Activity ▸
Using the data below, return word for word every line from the one holding "2025不锈钢表面被氧化如何处理掉" down to the one holding "فراخوان پذیرش دکتری". Leave pictures out.

Records for processing ▸
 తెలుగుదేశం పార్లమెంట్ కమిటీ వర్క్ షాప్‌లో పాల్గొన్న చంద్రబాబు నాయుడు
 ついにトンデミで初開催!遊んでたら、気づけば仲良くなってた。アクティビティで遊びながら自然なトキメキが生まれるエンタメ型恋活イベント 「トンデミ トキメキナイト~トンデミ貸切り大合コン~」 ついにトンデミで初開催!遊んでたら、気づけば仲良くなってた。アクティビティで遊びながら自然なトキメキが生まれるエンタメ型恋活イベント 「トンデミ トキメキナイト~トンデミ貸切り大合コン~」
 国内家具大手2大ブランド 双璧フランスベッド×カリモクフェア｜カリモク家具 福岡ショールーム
---
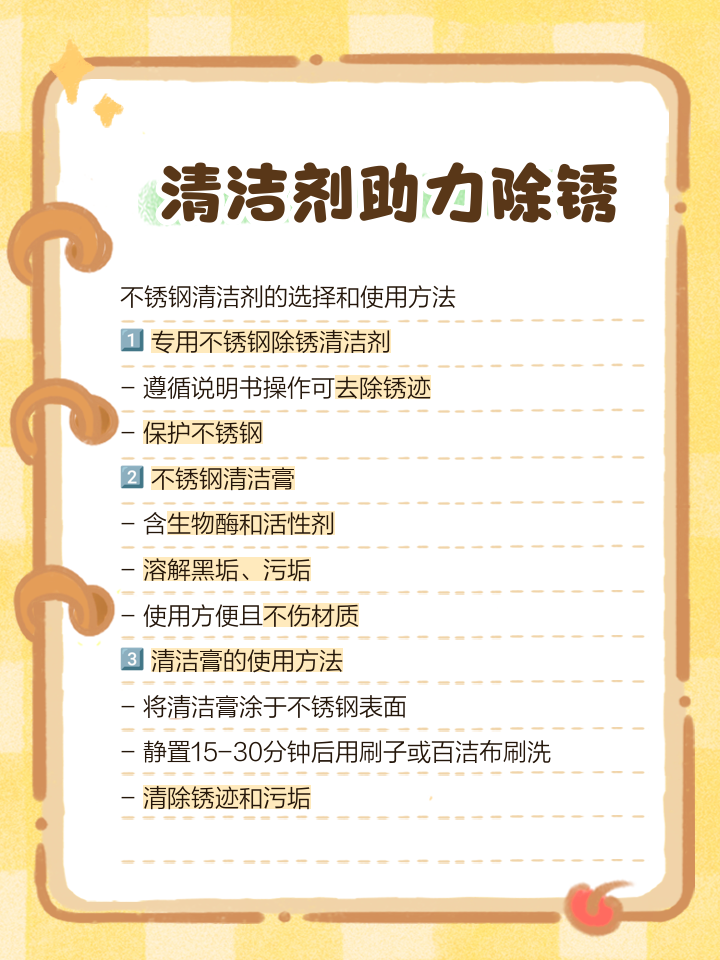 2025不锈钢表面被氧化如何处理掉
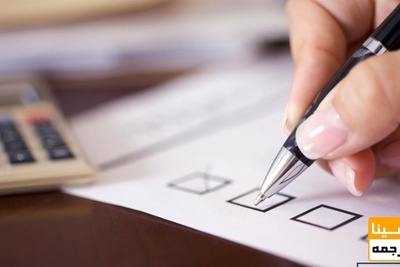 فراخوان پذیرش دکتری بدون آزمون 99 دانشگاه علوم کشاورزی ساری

Answer space ▸
 2025不锈钢表面被氧化如何处理掉
 فراخوان پذیرش دکتری بدون آزمون 99 دانشگاه علوم کشاورزی ساری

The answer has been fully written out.